**Problem to solve**.
For the entries that follow, retype exactly the lines from the one containing "Dámske Plus veľkosť" to the one containing "Programme Mariage floral", inclusive, and only those. Images stay out of the copy.
[[ Material for this exercise, beginning ]]
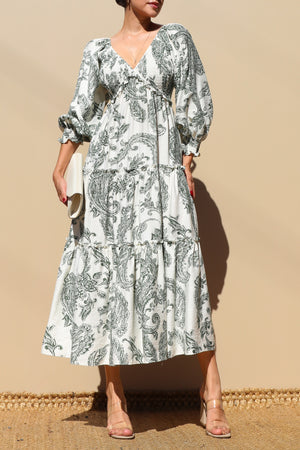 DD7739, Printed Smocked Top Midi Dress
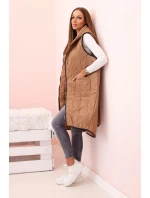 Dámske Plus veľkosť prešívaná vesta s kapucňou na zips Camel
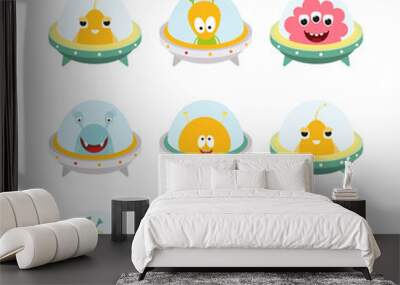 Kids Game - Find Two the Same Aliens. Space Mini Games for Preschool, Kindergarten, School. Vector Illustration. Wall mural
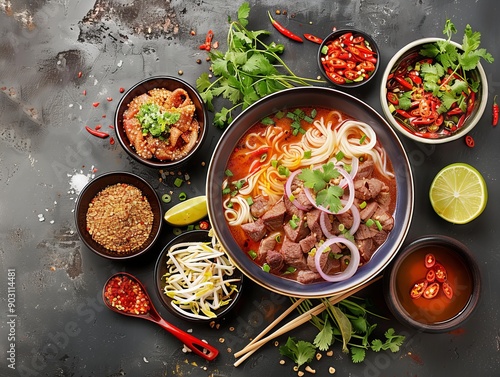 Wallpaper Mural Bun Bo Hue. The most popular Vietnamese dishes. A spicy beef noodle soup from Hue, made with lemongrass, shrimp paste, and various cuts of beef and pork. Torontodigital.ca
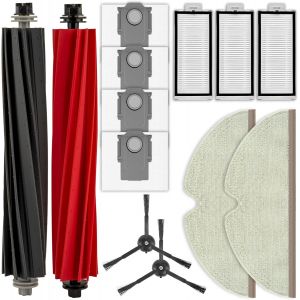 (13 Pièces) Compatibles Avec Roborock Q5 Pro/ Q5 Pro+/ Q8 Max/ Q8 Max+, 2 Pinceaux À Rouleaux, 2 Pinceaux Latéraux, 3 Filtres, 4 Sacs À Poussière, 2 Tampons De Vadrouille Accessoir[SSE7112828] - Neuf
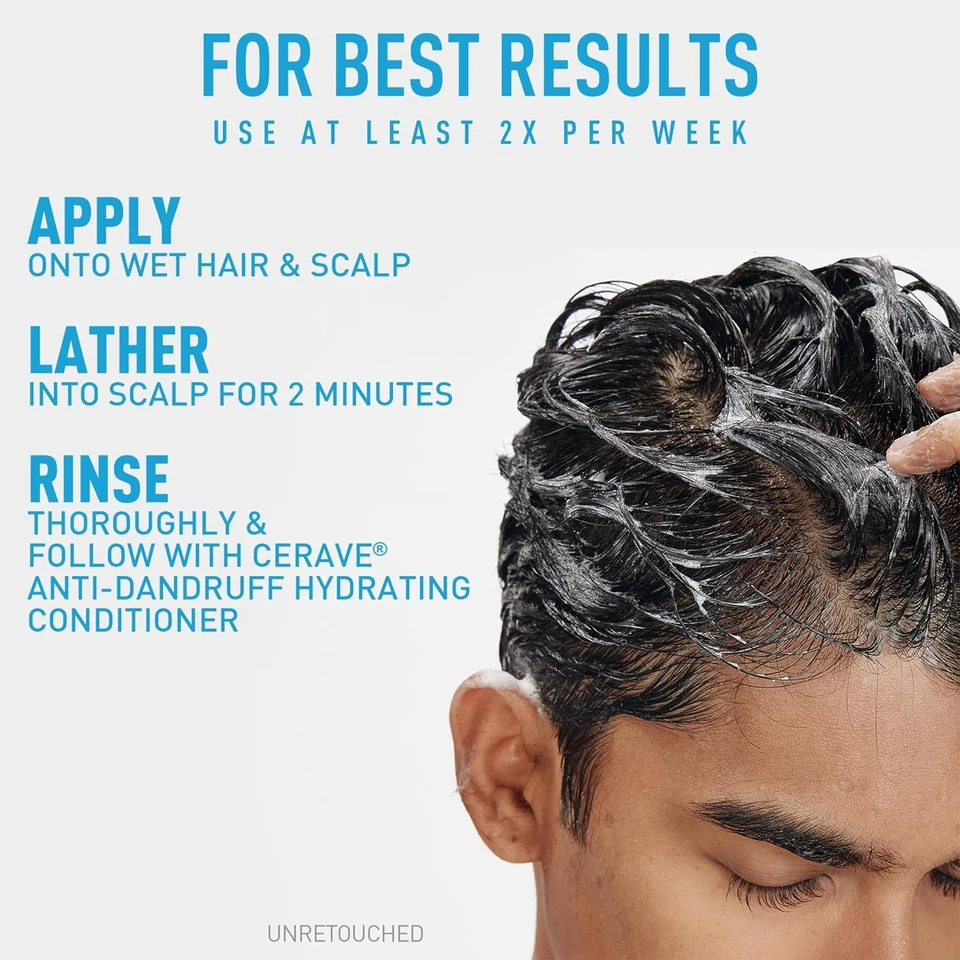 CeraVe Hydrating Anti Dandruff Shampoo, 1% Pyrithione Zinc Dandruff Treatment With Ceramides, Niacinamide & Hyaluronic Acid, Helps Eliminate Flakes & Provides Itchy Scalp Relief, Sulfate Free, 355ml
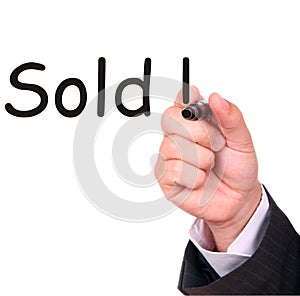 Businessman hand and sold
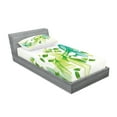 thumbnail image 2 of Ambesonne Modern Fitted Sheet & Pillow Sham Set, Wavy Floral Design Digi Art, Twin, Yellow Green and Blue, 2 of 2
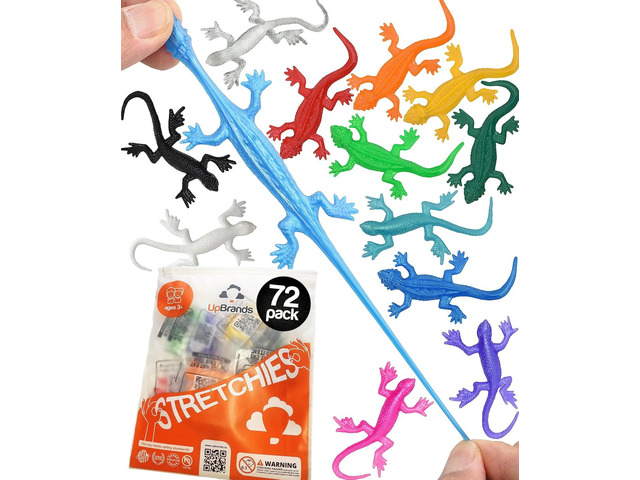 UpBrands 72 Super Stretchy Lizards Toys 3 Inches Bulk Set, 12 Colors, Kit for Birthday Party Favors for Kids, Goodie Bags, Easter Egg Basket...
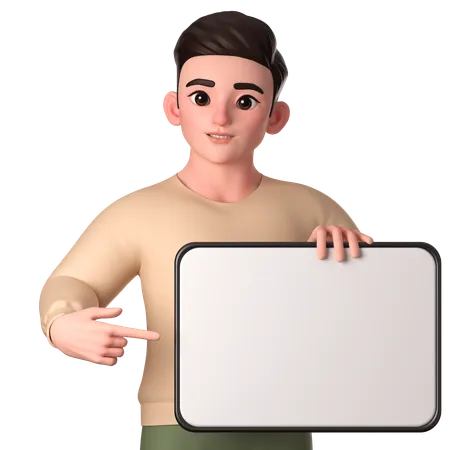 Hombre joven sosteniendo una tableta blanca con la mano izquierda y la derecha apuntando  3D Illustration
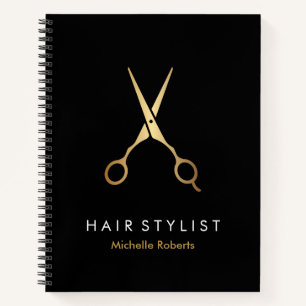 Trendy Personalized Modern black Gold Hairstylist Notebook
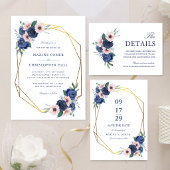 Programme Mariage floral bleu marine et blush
[[ Material for this exercise, end ]]
[[ Material for this exercise, beginning ]]
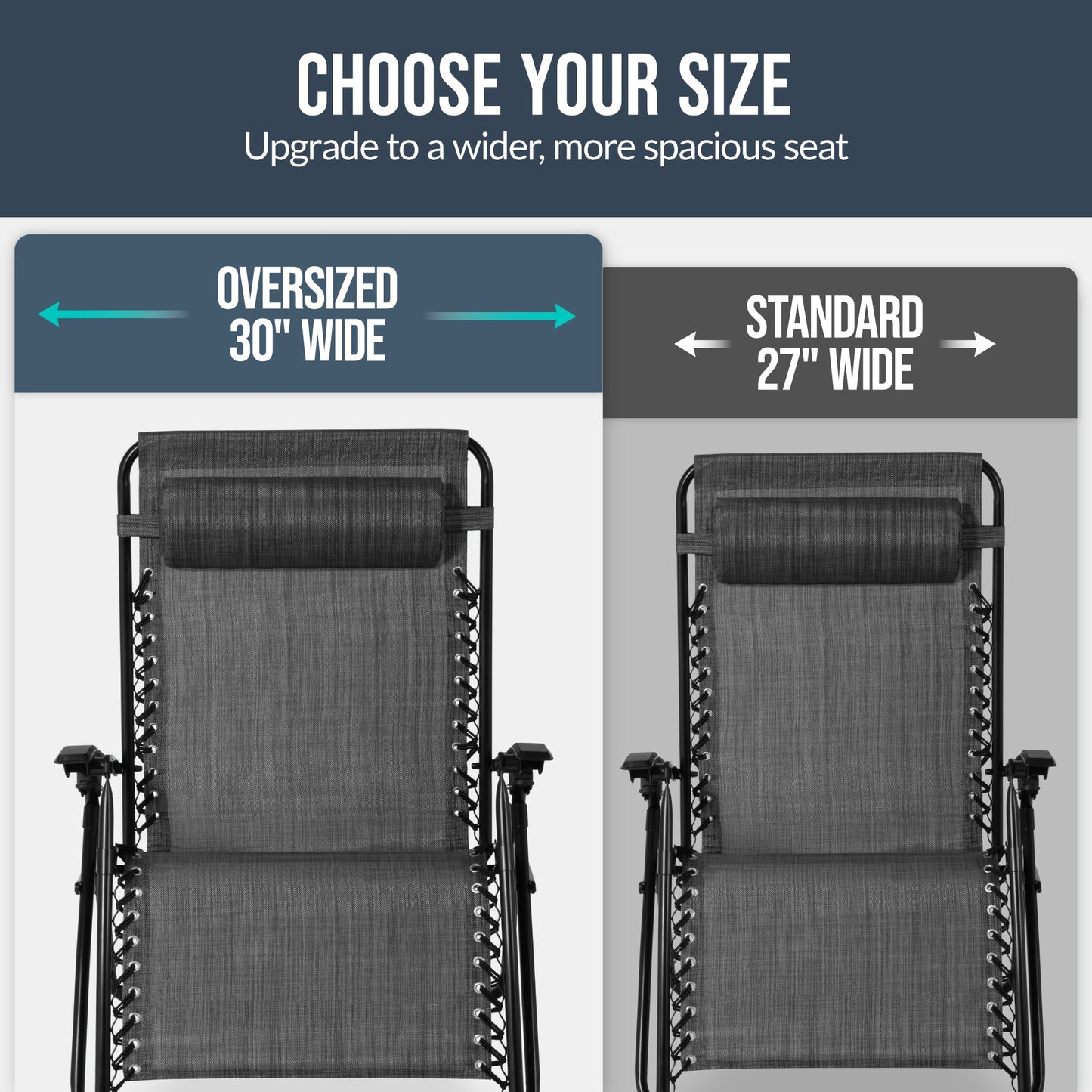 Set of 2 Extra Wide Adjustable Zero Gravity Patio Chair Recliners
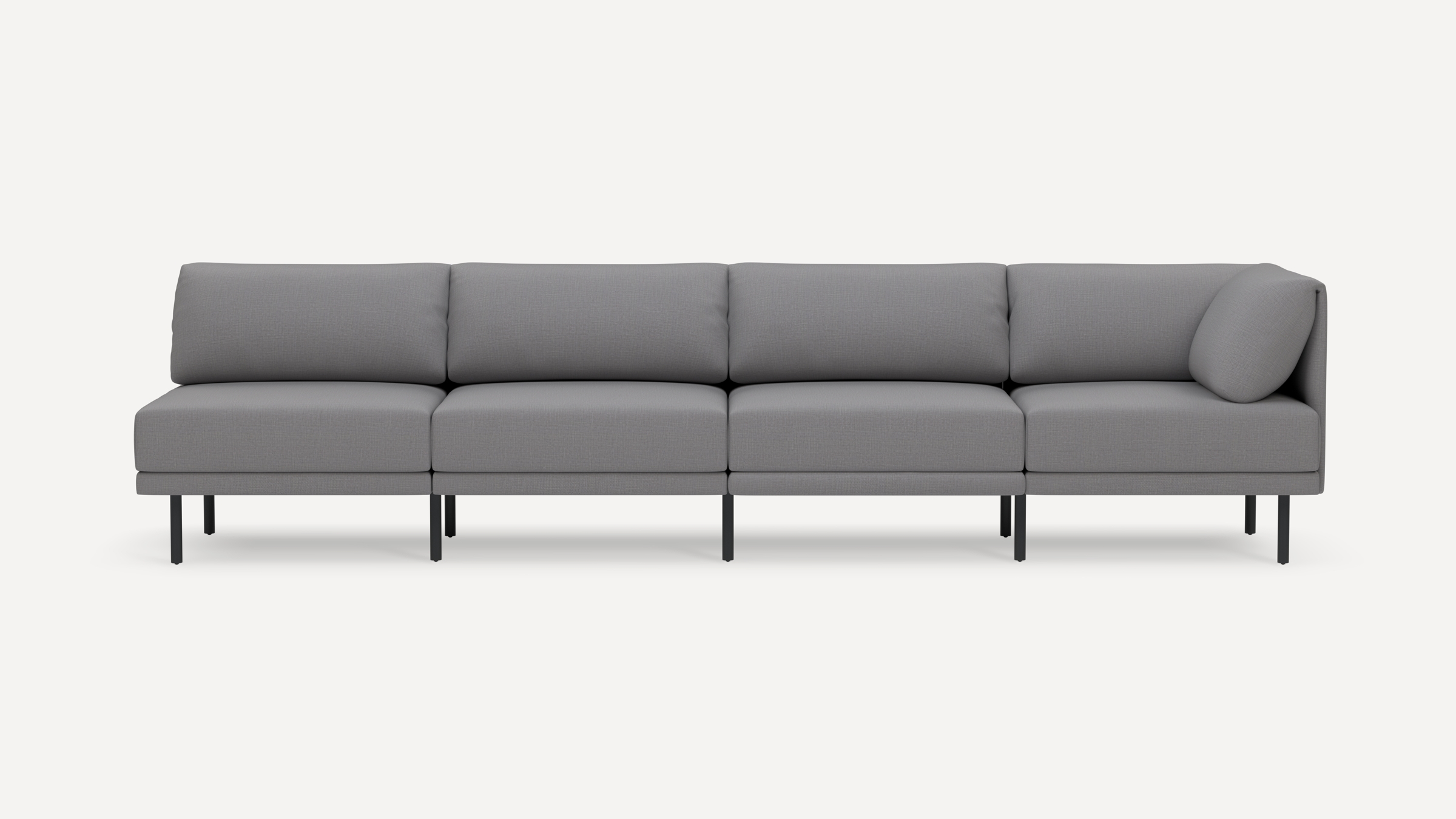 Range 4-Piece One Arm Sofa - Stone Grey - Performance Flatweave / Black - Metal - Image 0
[[ Material for this exercise, end ]]
**Result for this task**.
 Dámske Plus veľkosť prešívaná vesta s kapucňou na zips Camel
 Kids Game - Find Two the Same Aliens. Space Mini Games for Preschool, Kindergarten, School. Vector Illustration. Wall mural
 Wallpaper Mural Bun Bo Hue. The most popular Vietnamese dishes. A spicy beef noodle soup from Hue, made with lemongrass, shrimp paste, and various cuts of beef and pork. Torontodigital.ca
 (13 Pièces) Compatibles Avec Roborock Q5 Pro/ Q5 Pro+/ Q8 Max/ Q8 Max+, 2 Pinceaux À Rouleaux, 2 Pinceaux Latéraux, 3 Filtres, 4 Sacs À Poussière, 2 Tampons De Vadrouille Accessoir[SSE7112828] - Neuf
 CeraVe Hydrating Anti Dandruff Shampoo, 1% Pyrithione Zinc Dandruff Treatment With Ceramides, Niacinamide & Hyaluronic Acid, Helps Eliminate Flakes & Provides Itchy Scalp Relief, Sulfate Free, 355ml
 Businessman hand and sold
 thumbnail image 2 of Ambesonne Modern Fitted Sheet & Pillow Sham Set, Wavy Floral Design Digi Art, Twin, Yellow Green and Blue, 2 of 2
 UpBrands 72 Super Stretchy Lizards Toys 3 Inches Bulk Set, 12 Colors, Kit for Birthday Party Favors for Kids, Goodie Bags, Easter Egg Basket...
 Hombre joven sosteniendo una tableta blanca con la mano izquierda y la derecha apuntando  3D Illustration
 Trendy Personalized Modern black Gold Hairstylist Notebook
 Programme Mariage floral bleu marine et blush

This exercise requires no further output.